**Records for this task**

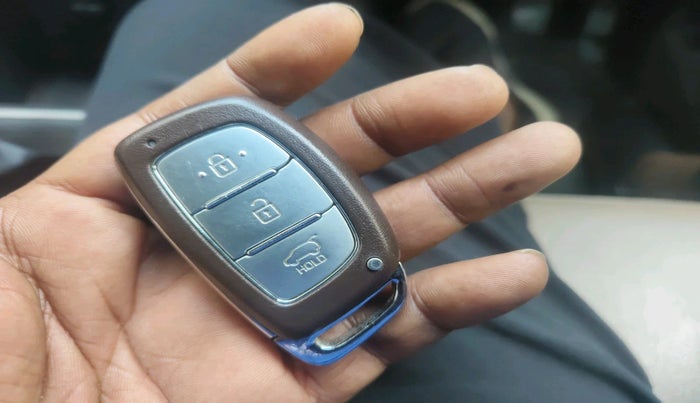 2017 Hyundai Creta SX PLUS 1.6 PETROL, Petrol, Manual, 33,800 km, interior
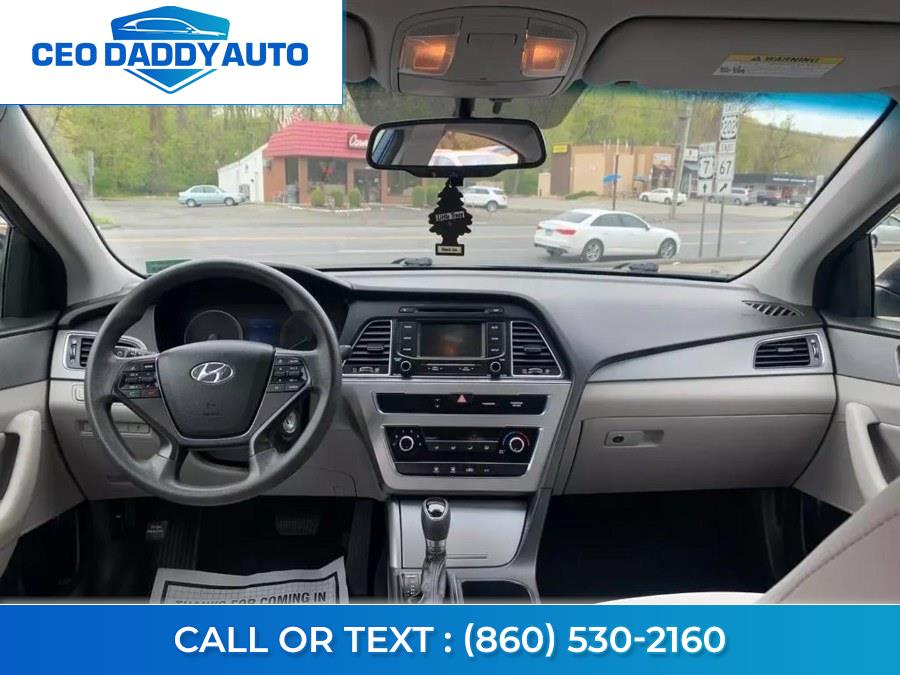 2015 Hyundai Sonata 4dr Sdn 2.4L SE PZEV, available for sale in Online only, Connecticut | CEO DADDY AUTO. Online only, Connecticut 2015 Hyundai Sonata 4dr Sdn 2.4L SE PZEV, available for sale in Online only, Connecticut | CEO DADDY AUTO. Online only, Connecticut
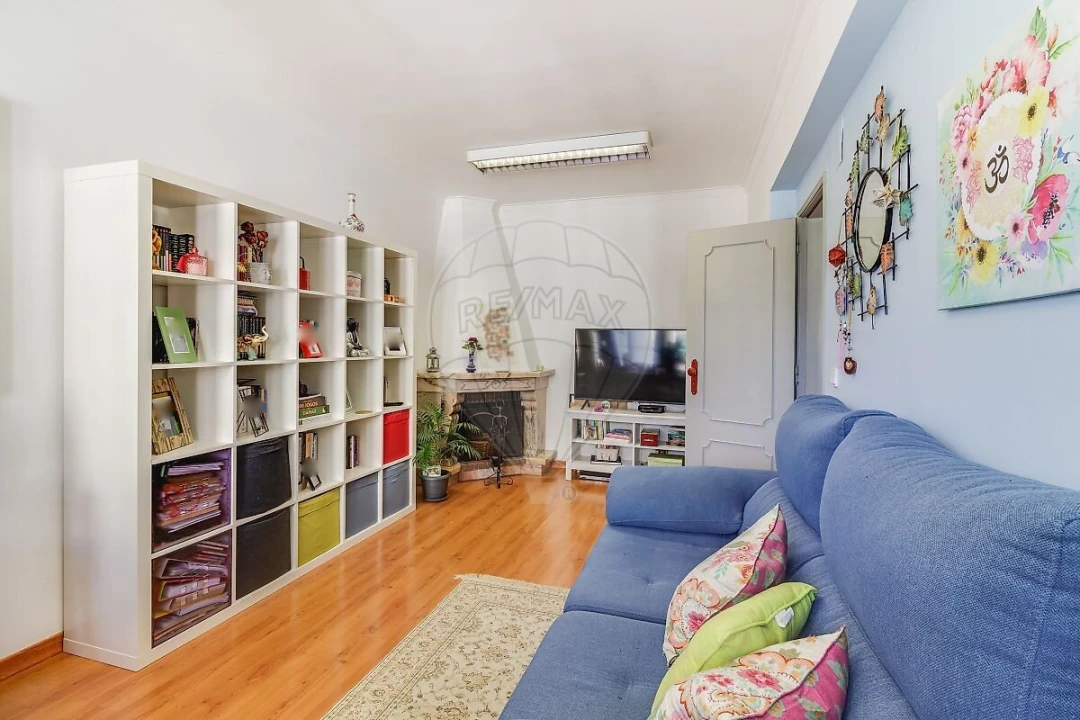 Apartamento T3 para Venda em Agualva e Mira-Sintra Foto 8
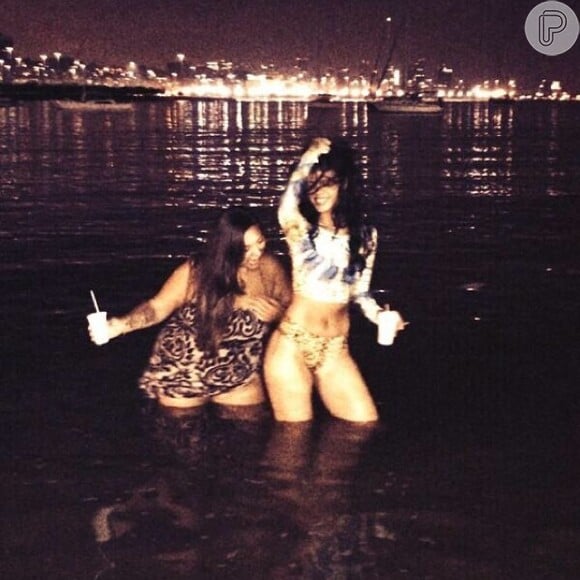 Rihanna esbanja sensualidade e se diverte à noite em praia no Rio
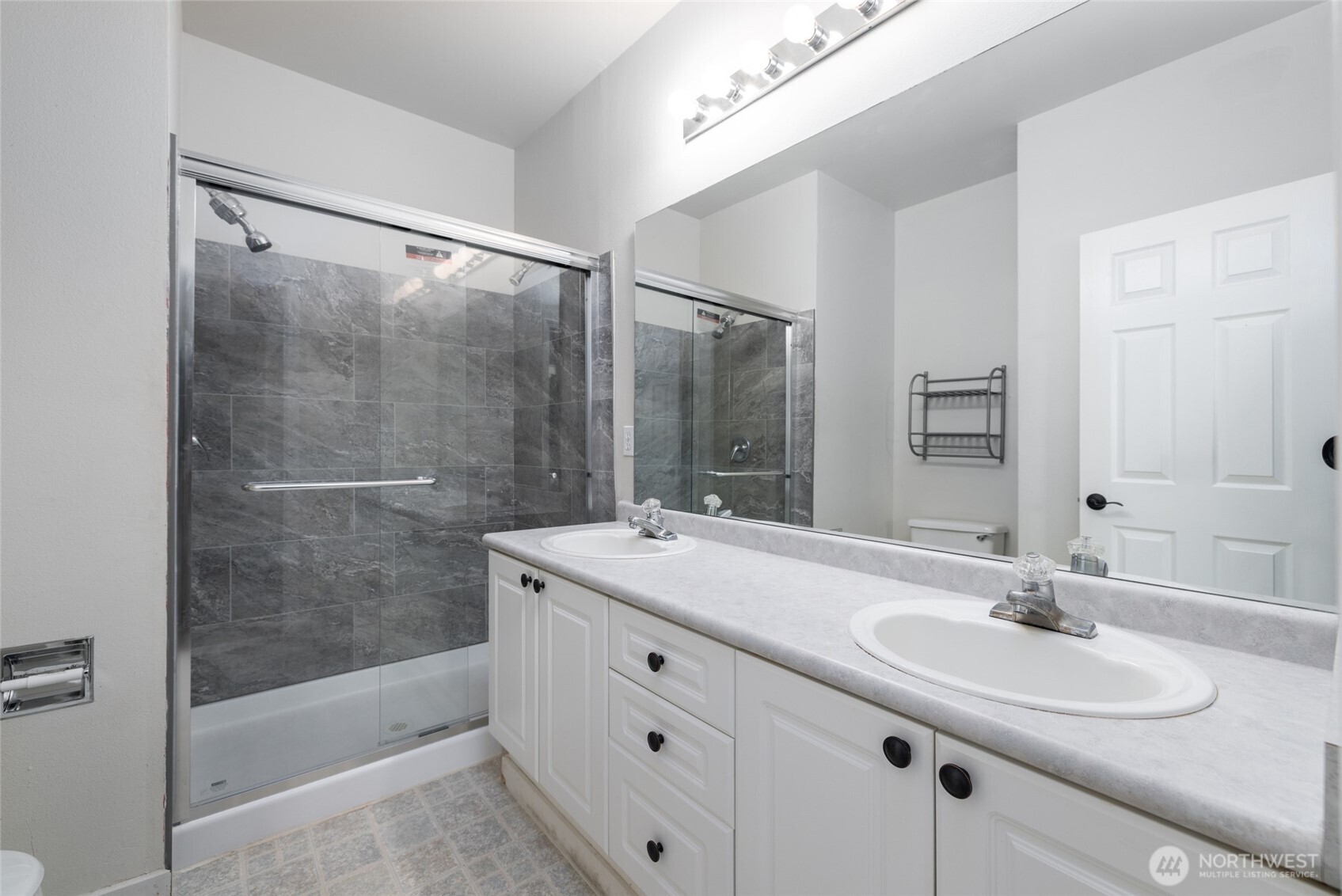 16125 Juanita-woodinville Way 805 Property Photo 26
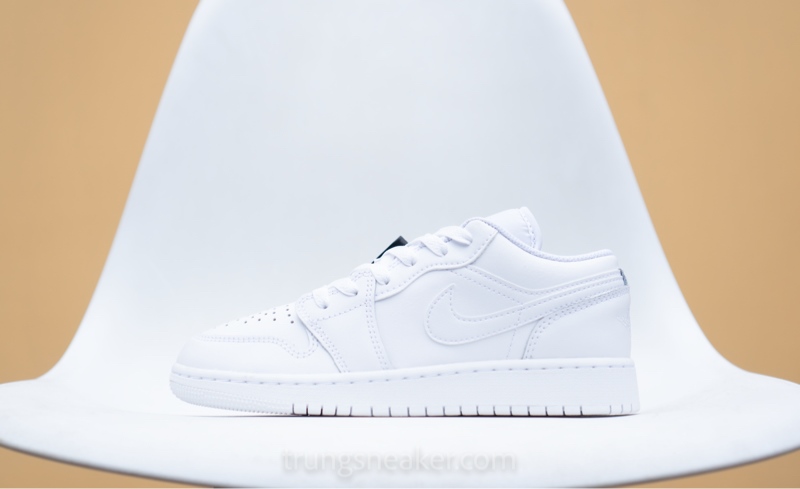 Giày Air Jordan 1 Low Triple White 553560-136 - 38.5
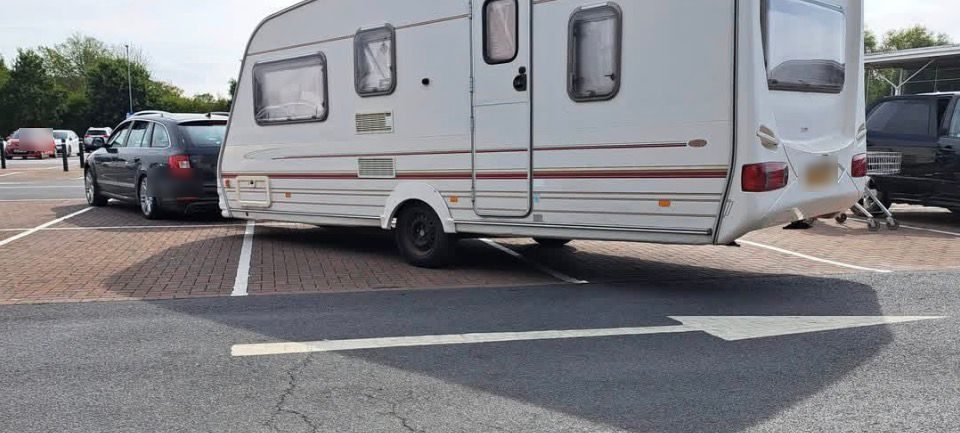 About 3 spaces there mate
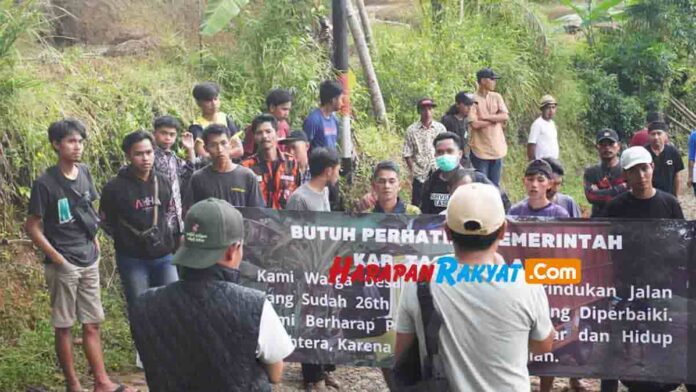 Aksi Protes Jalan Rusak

**What you are asked to do**
What is needed here is each line above set down word for word, minus the images.

**Your solution**
 2017 Hyundai Creta SX PLUS 1.6 PETROL, Petrol, Manual, 33,800 km, interior
 2015 Hyundai Sonata 4dr Sdn 2.4L SE PZEV, available for sale in Online only, Connecticut | CEO DADDY AUTO. Online only, Connecticut 2015 Hyundai Sonata 4dr Sdn 2.4L SE PZEV, available for sale in Online only, Connecticut | CEO DADDY AUTO. Online only, Connecticut
 Apartamento T3 para Venda em Agualva e Mira-Sintra Foto 8
 Rihanna esbanja sensualidade e se diverte à noite em praia no Rio
 16125 Juanita-woodinville Way 805 Property Photo 26
 Giày Air Jordan 1 Low Triple White 553560-136 - 38.5
 About 3 spaces there mate
 Aksi Protes Jalan Rusak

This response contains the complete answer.